I used to sit navigator because of my fucking loud voice. We used to drive around the neighbourhood and, well, yell @ people. Not "we're gonna kick yr ass" stuff, but crazy non-sensical stuff where bizarro was the prized component.
I'm struggling with a name for the car. It's been a year. Something military, as I envision the car as a warship. I've thought about naming it Peter Strasser. The Cobb would be good. Well, its not a big deal. I'll see again next year.
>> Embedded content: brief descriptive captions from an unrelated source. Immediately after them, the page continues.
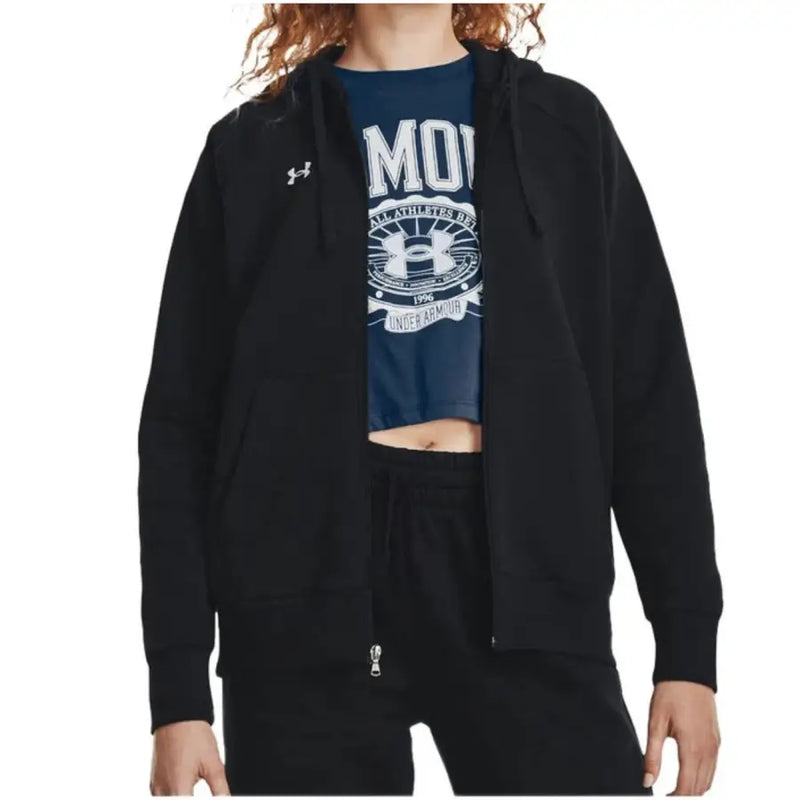 Under Armour women’s black hooded sweatshirt with front zipper closure front pockets and logo on the left chest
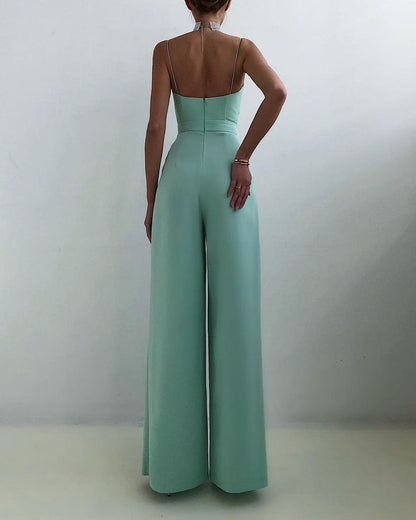 Breathable women's jumpsuit – high waist, straight leg, for summer events 6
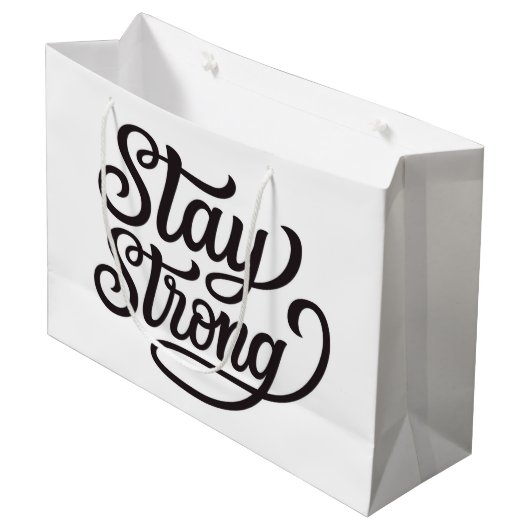 Grand Sac Cadeau Restez forts (Devant Angle)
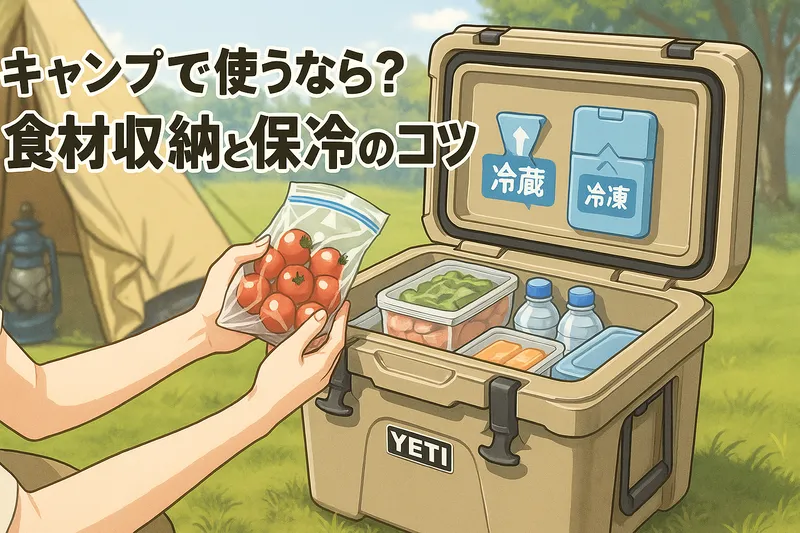 キャンプで中型クーラーボックスを使い、食材を効果的に収納し保冷する方法を紹介するイラスト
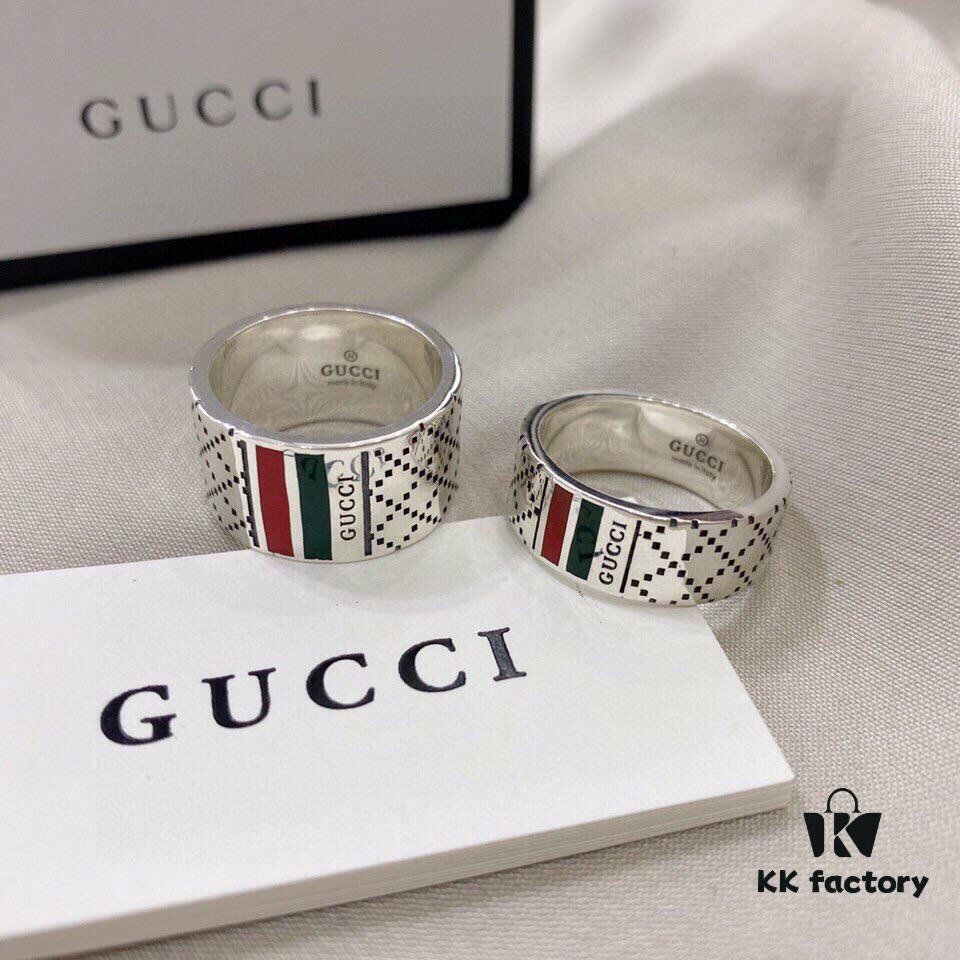 692ff09299f2d84055c8d64f Gucci 925 Sterling Silver Red and Green Diamond Checkered Pattern Couple Ring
Cars to pass our time had its highest achievement during The Extinguisher Years. Frenz would steal fire extinguishers from wherever. We would fill them up with water and pump in the extreme pressure by using a gas station's air pump. We would patrol the hood, looking escecially for girls but letting loose @ anyone who we could get to. We'd often pull over to the side and ask for directions. People were friendly and they would want to help us. In the car we'd wait until we couldn't, then shoot the extinguishers into the people. We'd know where certain girls would hang out- this front porch on this street, or porch in that neighbourhood- and patrol that area. Once we blasted the Burger King takeout window. Seems cruel now, but it also seems funny.
Years later, it still comes back. Early this century on one morning old lover Afrika Korps was driving us to work @ our respective schools as I was relating the above story to her. She turned and said:
You know, when I was young, these guys asked us for directions and then hit us with all of these extinguishers.
-Where? In front of that old gen. merchadise store on 57th and Kedzie.
-When? I was 14.
A quick mental calculation, double checked:
-Yeah, that was us.
Those battletanks, once serving my youth so formidably, are rusting somewhere. I guess.